They played in the variable elements at the Old Met, slogging through mud and swatting mosquitos and building legends on the Bloomington prairie. They were great players and yet fell short of a world championship, and their legacies might not be what they would have been had they won it all.

That applies to the great Twins teams of the '60s and '70s, as well as the old Vikings.

Bert Blyleven, entering the Hall of Fame at the advanced age of 60, will represent more than his body of work when he enters the Hall of Fame on Sunday. He will represent ghosts and friends, the injured and the ailing, the legacies of a foregone era.

"I look at the guys in the Twins Hall of Fame, and I played with all of them," Blyleven said. "That's pretty special."

Blyleven chafed during the years he fell short of the Hall of Fame in the voting by the Baseball Writers Association of America. He got in, though, and he could be the last Twin who played at Metropolitan Stadium to make it to Cooperstown.

Those who watched and played with them say Tony Oliva and Jim Kaat should be in the Hall, joining Harmon Killebrew, Rod Carew and now Blyleven.

"It is a great thing, that Bert Blyleven is finally going into the Hall of Fame," Oliva said. "I think it should have happened sooner."
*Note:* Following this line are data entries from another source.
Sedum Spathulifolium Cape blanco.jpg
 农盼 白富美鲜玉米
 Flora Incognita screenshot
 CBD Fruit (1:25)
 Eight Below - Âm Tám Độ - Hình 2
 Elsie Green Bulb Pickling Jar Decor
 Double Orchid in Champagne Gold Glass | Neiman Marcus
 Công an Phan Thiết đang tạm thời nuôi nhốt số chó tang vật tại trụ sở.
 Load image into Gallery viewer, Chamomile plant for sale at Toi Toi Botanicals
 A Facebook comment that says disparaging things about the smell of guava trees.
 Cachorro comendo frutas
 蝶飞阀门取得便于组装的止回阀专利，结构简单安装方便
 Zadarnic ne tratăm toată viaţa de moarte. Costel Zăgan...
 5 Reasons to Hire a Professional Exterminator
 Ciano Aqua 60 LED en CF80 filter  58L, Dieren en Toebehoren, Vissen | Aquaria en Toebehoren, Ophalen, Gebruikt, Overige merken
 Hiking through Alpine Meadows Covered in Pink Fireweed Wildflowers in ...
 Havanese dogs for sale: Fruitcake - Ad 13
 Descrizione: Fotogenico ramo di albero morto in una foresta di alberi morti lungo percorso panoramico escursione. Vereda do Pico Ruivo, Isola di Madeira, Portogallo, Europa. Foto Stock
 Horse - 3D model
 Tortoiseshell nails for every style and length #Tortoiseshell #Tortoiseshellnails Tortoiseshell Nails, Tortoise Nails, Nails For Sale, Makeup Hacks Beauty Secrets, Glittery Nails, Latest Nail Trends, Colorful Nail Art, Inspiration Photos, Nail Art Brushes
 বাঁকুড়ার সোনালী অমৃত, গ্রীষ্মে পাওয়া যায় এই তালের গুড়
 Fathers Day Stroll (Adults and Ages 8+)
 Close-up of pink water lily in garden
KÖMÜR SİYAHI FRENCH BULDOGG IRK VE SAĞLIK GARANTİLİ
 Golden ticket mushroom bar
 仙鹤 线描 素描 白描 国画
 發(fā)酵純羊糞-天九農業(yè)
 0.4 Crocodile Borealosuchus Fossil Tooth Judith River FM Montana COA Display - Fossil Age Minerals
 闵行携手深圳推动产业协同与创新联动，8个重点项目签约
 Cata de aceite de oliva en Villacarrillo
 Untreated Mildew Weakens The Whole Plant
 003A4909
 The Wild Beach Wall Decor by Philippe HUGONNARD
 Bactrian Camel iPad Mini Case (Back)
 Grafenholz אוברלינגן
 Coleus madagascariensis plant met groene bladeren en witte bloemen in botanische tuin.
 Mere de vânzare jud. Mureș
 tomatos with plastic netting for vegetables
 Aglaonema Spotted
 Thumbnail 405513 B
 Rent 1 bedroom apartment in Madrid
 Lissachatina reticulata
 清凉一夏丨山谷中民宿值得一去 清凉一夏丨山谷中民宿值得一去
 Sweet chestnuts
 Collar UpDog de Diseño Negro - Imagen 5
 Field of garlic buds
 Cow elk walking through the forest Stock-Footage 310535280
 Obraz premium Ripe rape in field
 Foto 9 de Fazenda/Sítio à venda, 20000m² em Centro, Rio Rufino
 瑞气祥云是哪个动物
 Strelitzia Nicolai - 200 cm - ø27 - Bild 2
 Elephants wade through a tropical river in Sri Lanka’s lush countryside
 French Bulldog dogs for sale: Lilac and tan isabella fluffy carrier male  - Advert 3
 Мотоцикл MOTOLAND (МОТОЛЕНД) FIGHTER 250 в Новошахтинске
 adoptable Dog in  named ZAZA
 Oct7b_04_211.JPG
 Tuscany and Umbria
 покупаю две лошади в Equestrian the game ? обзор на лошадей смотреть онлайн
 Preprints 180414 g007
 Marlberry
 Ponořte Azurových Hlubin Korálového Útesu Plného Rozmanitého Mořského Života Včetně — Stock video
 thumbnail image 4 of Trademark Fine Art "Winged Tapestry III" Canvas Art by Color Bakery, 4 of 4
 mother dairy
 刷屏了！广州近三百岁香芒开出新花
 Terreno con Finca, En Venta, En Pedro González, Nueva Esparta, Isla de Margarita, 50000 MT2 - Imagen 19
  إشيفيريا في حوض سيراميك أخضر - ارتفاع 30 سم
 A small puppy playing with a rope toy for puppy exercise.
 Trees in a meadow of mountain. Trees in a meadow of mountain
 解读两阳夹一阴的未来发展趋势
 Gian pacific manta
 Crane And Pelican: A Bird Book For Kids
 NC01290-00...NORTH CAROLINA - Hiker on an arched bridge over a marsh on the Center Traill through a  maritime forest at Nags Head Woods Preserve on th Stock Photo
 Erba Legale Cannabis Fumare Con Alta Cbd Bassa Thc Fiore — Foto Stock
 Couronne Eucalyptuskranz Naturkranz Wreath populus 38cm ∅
Before he played alongside Kirby Puckett and Kent Hrbek and won a World Series, Blyleven spent his formative baseball years playing alongside Killebrew and Oliva, in a modest stadium in a small market for a team that never publicized its talent with a World Series parade.

The most modern and silly of sports debates contain the assertion that a player's greatness is measured by the number of championships won. The teams that played at the Old Met give that theory the lie. Killebrew was no less a player for having failed to win a World Series.

"I was just thinking about Jim Perry, and his induction into the Twins Hall of Fame," Blyleven said. "He wasn't just a father figure to me. He was a mother figure, too. He was my first roommate, and I couldn't do anything for myself.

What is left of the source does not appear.